Pela fórmula, o STF fixaria um reajuste baseado na inflação dos últimos doze meses, previsão de inflação para o ano seguinte, crescimento do PIB (Produto Interno Bruto) e um fator que ele chamou de "necessidade de valorização institucional da magistratura". O novo salário de magistrados começaria a vigorar a cada 1º de janeiro.

Com o subjetivo dispositivo da "valorização institucional", os aumentos salariais na corte tenderiam a ficar maiores que os do salário mínimo.

A fórmula teria forte impacto nas contas públicas, porque o salário de ministro do STF é referência para vencimentos no resto do Judiciário, no Ministério Público, no Congresso e, a partir deste último, nas Assembleias Legislativas de todos os Estados.

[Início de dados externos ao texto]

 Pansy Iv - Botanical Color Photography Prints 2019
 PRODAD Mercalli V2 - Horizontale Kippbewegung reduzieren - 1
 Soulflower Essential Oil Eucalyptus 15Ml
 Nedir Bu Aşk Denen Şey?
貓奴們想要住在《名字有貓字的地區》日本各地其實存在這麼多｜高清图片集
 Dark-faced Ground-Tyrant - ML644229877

"A corte decidir o próprio salário já é uma temeridade", afirma o economista Otto Nogami, professor do Insper. "Mas não tem lógica nenhuma usar o método de reajuste do salário mínimo [variação do PIB], criado a pretexto de reduzir desigualdade, para subir o teto do funcionalismo", completa.

"Atualmente o Judiciário já não tem recurso para investir em modernização porque o gasto com folha é altíssimo", critica. A situação ficará pior se a folha for ainda mais inflada, conclui.

Mesmo que gatilho de Fux não prospere, o custo de cada juiz deve crescer, considerando as outros propostas em gestação na nova Loman.

No anteprojeto de Lewandowski são criados benefícios extras que não existiam nem na Loman de 1979 nem na proposta de Gilmar Mendes, como auxílios para educar filhos de juízes de 0 a 24 anos e para curso de pós-graduação no exterior. (leia ao lado).

CARGOS

Fux também quer um aumento substantivo no número de desembargadores no país. Ele propõe que seja fixada a proporção de um desembargador para quatro juízes de primeira instância.

Hoje não há parâmetro obrigatório. Se a ideia vingar, o país precisará criar 834 novas vagas na segunda instância. E, no momento seguinte, contratar milhares de novos funcionários e assessores para auxiliarem os novos desembargadores.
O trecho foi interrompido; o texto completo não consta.